Die Videoüberwachung am Heidelberger Hauptbahnhof startet: Insgesamt 21 Kameras an sieben Standorten werden am Bahnhofsvorplatz, dem Willy-Brandt-Platz, künftig das Geschehen aufzeichnen. Aktuell laufen die letzten technischen Vorarbeiten – ab Oktober 2020 werden die Kameras nach und nach angeschlossen. Während der Aufbau- und Montagearbeiten wird noch nicht aufgezeichnet. Ebenfalls in Kürze installiert werden die 15 Hinweisschilder und -tafeln, die Reisende, Bürgerinnen und Bürger über den Einsatz der Videoüberwachung informieren.

Start in Heidelberg zunächst mit klassischer Videoüberwachung

Um die Sicherheit im öffentlichen Raum zu verbessern, hatte der Gemeinderat für die Anschaffung und Installation von Kameras bereits im Mai 2017 überplanmäßige Mittel in Höhe von 122.100 Euro bewilligt. Im Rahmen der Sicherheitspartnerschaft hat sich Heidelberg im März 2018 entschieden, sich zusätzlich dem Projekt „Intelligente Videoüberwachung“ anzuschließen und die geplante Videoüberwachung nach Ende der Pilotphase in Mannheim um das moderne System zu erweitern.

Funktionsweise und rechtliche Grundlagen

Das Vorhaben startet in Heidelberg voraussichtlich Ende Oktober 2020 in einem ersten Schritt mit der konventionellen Videoüberwachung.

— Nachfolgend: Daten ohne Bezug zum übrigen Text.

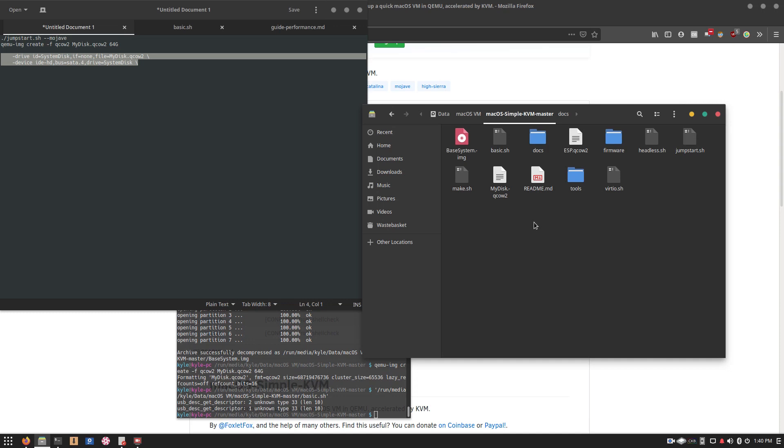But unfortunately I don't have a second graphics card to demonstrate that with, but that is a good option. And I think that's pretty much all I have to say about this particular program. If you want a macOS virtual machine, I would highly recommend this particular program to get everything set up. It literally just works. But I think that's it for today's video, thanks for watching, I hope you enjoyed it and please like, comment, subscribe and share, and I will see you in the next video.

Das heißt, dass eine Beamtin oder ein Beamter die Kamerabilder im Polizeipräsidium in Mannheim auswerten und im Notfall die Einsatzteams vor Ort alarmieren. In einem zweiten Schritt erfolgt nach und nach die „intelligente“ Überwachung nach dem Mannheimer Vorbild, die dort in dieser Form Ende 2020 starten soll. Die „intelligente“ Software der Videokameras wertet die Bilderströme elektronisch aus und schlägt bei der Polizei nur dann Alarm, wenn sie atypische Bewegungsmuster erkennt – wenn beispielsweise jemand schlägt, rennt, fällt oder am Boden liegt. Dadurch reduziert sich der Polizeieinsatz für die Beobachtung an Monitoren beträchtlich. Softwarelösungen, die auf Gesichtserkennung basieren, sind aus datenschutzrechtlichen Gründen nicht zulässig. Die aufgezeichneten Daten werden von der Polizei nach 72 Stunden gelöscht.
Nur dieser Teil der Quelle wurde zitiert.